Goes anyone have experience of hifu side effects and results ? 

User
Posted 02 May 2022 at 12:46

Chris, I seem to remember a thread where someone had it within the last year, and it hasn't recurred yet. More importantly this forum is very much skewed towards problems cases so we have a very unfavourably biased view. There are 40,000 diagnosis a year and this forum probably gains about 200 followers per year. I'm not saying 39800 are problem free but they aren't making a big fuss (may be they die straightaway and things are worse than I thought).

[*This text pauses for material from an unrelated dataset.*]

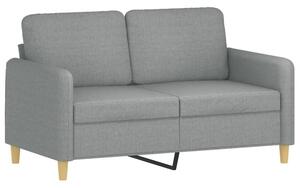 Sofa 2-osobowa, jasnoszara, 120 cm, tapicerowana tkaninÄ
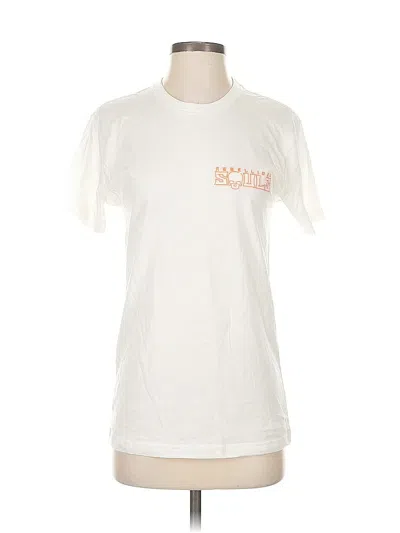 Pre-owned Next Level Apparel Short Sleeve T-shirt In White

I think as long as anyone having this knows it is unproven they can make an informed decision.

Dave

User
Posted 02 May 2022 at 19:33

David,

I think you and also Chris would do well to follow this lecture by the widely acknowledged top man on Focal Therapy with particular reference to HIFU. https://grandroundsinurology.com/focal-therapy-hifu-functional-and-oncological-outcomes/

Patients have to be carefully selected for HIFU and experience and advances in the treatment have led to better outcomes. Patients are now being treated with more intermediate and occasionally even higher Gleason scores. It does sometimes need to be repeated but side effects are much less severe than with RT or RP. (I have had it it done twice for failed RT and after a week with the catheter out, it was then as if I had not had HIFU. I cannot comment on the erection aspect because after RT I came to lose erections back in 2008). My PSA after my last HIFU was 0.02 and that compares with the previous lowest of 0.05 after RT.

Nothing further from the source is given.